Skip the pictures and give back the rest of the listing exactly.

● Provided data:
*** Block opens ***
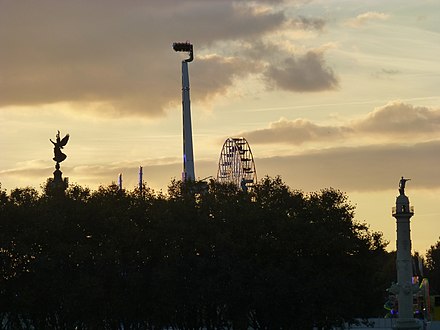 Vue depuis la rive droite à la tombée de la nuit.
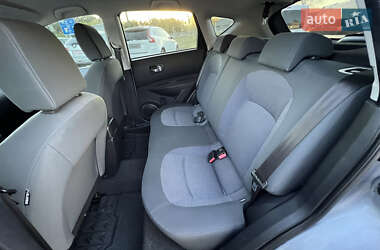 Внедорожник / Кроссовер Nissan Qashqai 2010 в 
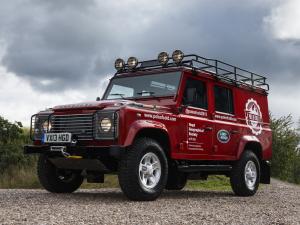 Land Rover Defender 110 Utility Wagon 2009 года (EU)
*** Block closes ***
● Output of the task:
 Vue depuis la rive droite à la tombée de la nuit.
 Внедорожник / Кроссовер Nissan Qashqai 2010 в 
 Land Rover Defender 110 Utility Wagon 2009 года (EU)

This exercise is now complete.